Yes, the name Diva sounds like a Mariah Carey compilation album. Or a Whitney Houston biopic. Or a Topshop fashion range 'designed' by a celebrity drug addict. Or the kind of phrase Gok Wan likes to shriek into the faces of insecure middle-aged women after he’s successfully convinced them to change themselves by caking their bodies in cosmetics and garish fabrics. Or a piece of musical theatre based on the songs of Christina Aguilera. Or a feminine hygiene product. Or a ropey burlesque night. Or the popular lesbian magazine established in 1994 and currently edited by Jane Czyzselska (now that’s a pretty good name).

The punning title The Glitter End isn’t much better; it is the headline one of the tabloids will wheel out when a certain disgraced glam-rock star dies, and may also be a synonym for pejazzle.

Diva is the solo project of Diva Dompé. She is the daughter of Kevin Haskins of Bauhaus, used to play in a group called Blackblack with her sister, was in a latter line-up of Pocahaunted, and is a member of the L.A. Ladies Choir.

It is also important not to be deterred by the artwork which features Miss Dompé all glittered up and striking the kinds of poses favoured by drama students who describe themselves as 'like, totally mental', or by M.I.A.

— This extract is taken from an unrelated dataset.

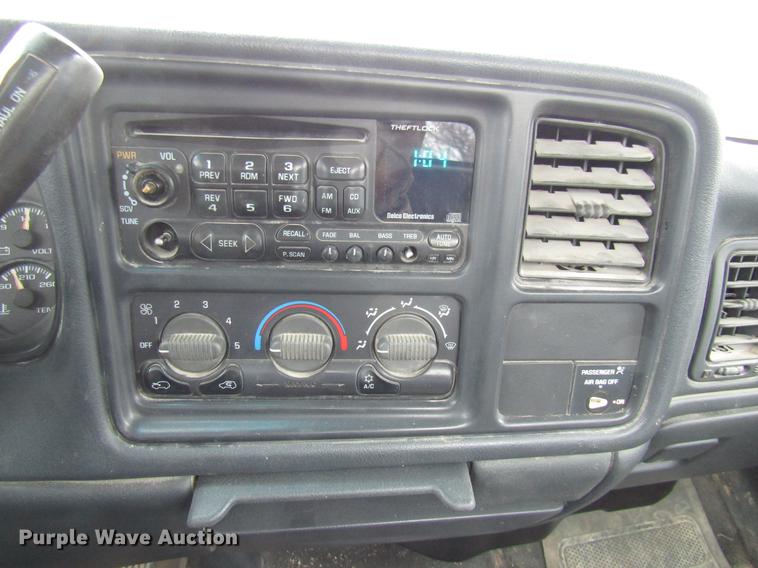 image for item DB2048 2001 GMC Sierra 1500 pickup truck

Musically speaking, Diva’s stint in Pocahaunted has obviously paid off. Whereas Blackblack were an adequate, amiable indie outfit with silly costumes, The Glitter End is a looping, psychedelic, big warm cauldron of molten nectar noise. Diva seems to be moving in the opposite trajectory of Bethany Cosentino who quit Pocahaunted and left their psych-drone-dub-folk behind her in favour of the summery ditties of Best Coast. Swimming in such a counter direction may not be the most commercial move, but it must be artistically fulfilling.

To experience the record is like being trapped willfully inside a lava lamp in the lounge of a hip household, floating around in there whilst flatmates in their respective rooms each play their preferred Not Not Fun records all at the same time. There’s a comforting, relaxed, dreamy vagueness to the whole thing. The vagueness is not enough to make the record forgettable, but just the right amount to make repeated listens rewarding as previously unnoticed sounds gradually reveal themselves. Submerged synths shimmer, dubby bass grooves loop, electronic sparkles drift in and out, guitars add texture rather than jarring, nothing is rushed, android birds and crickets and strange other creatures tweet and chirp and squelch in the background, stuff happens, stuff doesn’t happen, some tracks sound like they might be going backwards, and the tribal and steel drums that appear manage to avoid sounding like an embarrassing western aping of world music.

Diva’s voice chants, moans, and floats around discreetly. Thankfully, she steers away from Pocahaunted’s slightly irritating habit of wailing wordlessly like pretend pagans and instead (usually) manages to decide either to leave the track as an instrumental or to sing proper words (although often the words are so echoed, fuzzed and low in the mix that it can be difficult to tell what they are).

Diva’s trippy grooves evoke a lighter, less masculine Sun Araw, but she perhaps needs to be careful of who she is targeting her music at and in what way. Fans of the esoteric who might otherwise have been interested could well be discouraged by her Madonna/Beyoncé /Rihanna-like popstar mono-name and her verging-on-vacuous artwork. Which is a shame, because they would find much to enjoy here. Then again, it never did Björk any harm.